Belo e diferente
por Lucas SalgadoSe tem uma palavra que define bem A Viagem é ambicioso. Ambição foi algo que não faltou aos diretores, produtores e roteiristas Andy Wachowski, Lana Wachowski e Tom Tykwer ao decidirem levar para as telas o best seller de David Mitchell tido por muitos como infilmável. A história se passa em várias épocas e, até mesmo, em mundos diferentes, e para criar um elo forte entre as tramas, os cineastas optaram por usar atores em vários papéis diferentes.
O vago título nacional acaba incentivando brincadeiras no sentido de apontar que o filme é uma viagem só, mas a verdade é que se trata de uma obra complexa, mas em momento algum confusa. Tramas ocorrem de forma sucessiva e sem seguir uma ordem específica, mas nada que fuja o alcance do espectador dos dias de hoje, mas acostumado com flash backs, flash fowards e por aí vai.
São cinco as histórias principais, todas estreladas pelos mesmo atores, que dão vida a inúmeros personagens. Existe um elo entre as tramas, mas o filme também não se preocupa em dar tudo explicadinho para o público, deixando a imaginação de cada um fazer as ligações como bem entender. Tom Hanks, Halle Berry, Jim Broadbent, Hugo Weaving e Jim Sturgess são os atores principais da produção, todos com até seis personagens diferentes, com variações até mesmo de sexo. Assim, vemos Halle Berry interpretando um homem, enquanto que Hugo Weaving surge na pele de uma ameaçadora enfermeira.
O trabalho dos atores é impressionante, mas eles devem dividir o mérito também com a equipe de design de produção. A maquiagem e os figurinos roubam a cena, como mostra já a primeira sequência do longa, com um Tom Hanks velho, tatuado e com uma grande cicatriz no rosto. O longa acaba oferecendo ao espectador uma espécie de jogo de adivinhação, em que demos que descobrir qual ator está por trás de determinada maquiagem. Acredite, em alguns casos, é difícil perceber.

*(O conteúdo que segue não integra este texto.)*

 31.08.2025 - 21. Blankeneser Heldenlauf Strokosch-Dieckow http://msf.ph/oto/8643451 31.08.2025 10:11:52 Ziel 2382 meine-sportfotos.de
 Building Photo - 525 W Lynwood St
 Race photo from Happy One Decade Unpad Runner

Cloud Atlas (no original) é um filme envolvente, mas que poderia ter bem menos que seus 152 minutos de duração. As quase três horas incomodam um pouco e podem fazer com que algumas pessoas "saem" do longa. Outro problema, este mais sério, está com relação uma série de diálogos clichês que podem ser vistos em cena. Ao ouvir que é apenas uma gota no oceano, um abolicionista diz: "O que é o oceano senão uma infinidade de gotas". Em outro momento, vemos uma personagem falando: "A morte é apenas uma porta. Quando uma se fecha, outra se abre." Para compensar tais momentos de pieguice, o roteiro oferece alguns belos momentos de romance protagonizados por Ben Whishaw e James d'Arcy.
Whishaw, por sinal, entrega a melhor atuação de todo elenco. Parceiro antigo de Tom Tykwer, com quem realizou Perfume - A História de um Assassino e Trama Internacional, o ator interpreta o personagem mais complexo da trama: Robert Frobisher, um jovem e inquieto compositor responsável pela sinfonia Cloud Atlas, que dá nome ao longa.

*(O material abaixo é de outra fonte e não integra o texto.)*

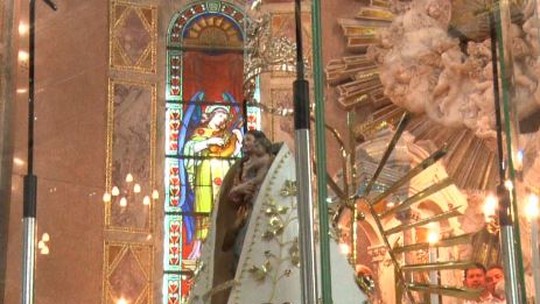 Imagem de Nossa Senhora desce do Glória e fica mais próxima dos fiéis, em Belém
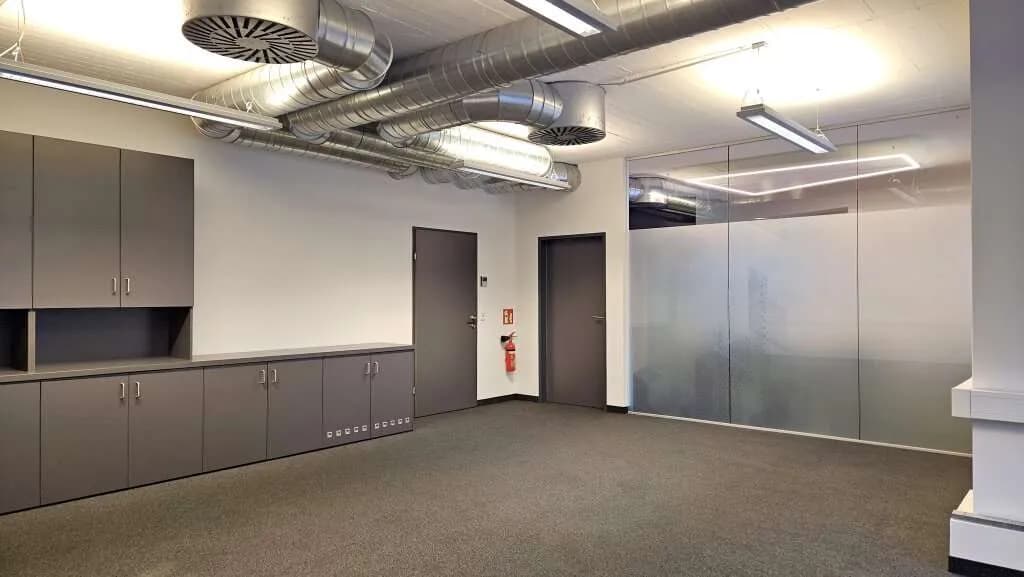 5-Zimmer-Gewerbeimmobilie mieten in Innsbruck – 174 m², € 2.772 – Bild 6 von 7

A Viagem é um exemplo claro, e raro, de coautoria que resulta de forma evidente na soma do trabalho dos autores. Sim, toda ideia de coautoria é essa, mas chega a ser surpreendente como o filme possui elementos claros dos cinemas dos Wachowski e de Tykwer. Temos grandes cenas de efeitos visuais em universos complexos e coloridos, ao mesmo tempo em que vemos personagens em situações intimistas.
Trata-se de um filme que pode ser tudo, menos ordinário. Ainda que algumas pessoas possam não se envolver tanto com a história, é difícil imaginar que não aproveitem nada do que está presente em cena.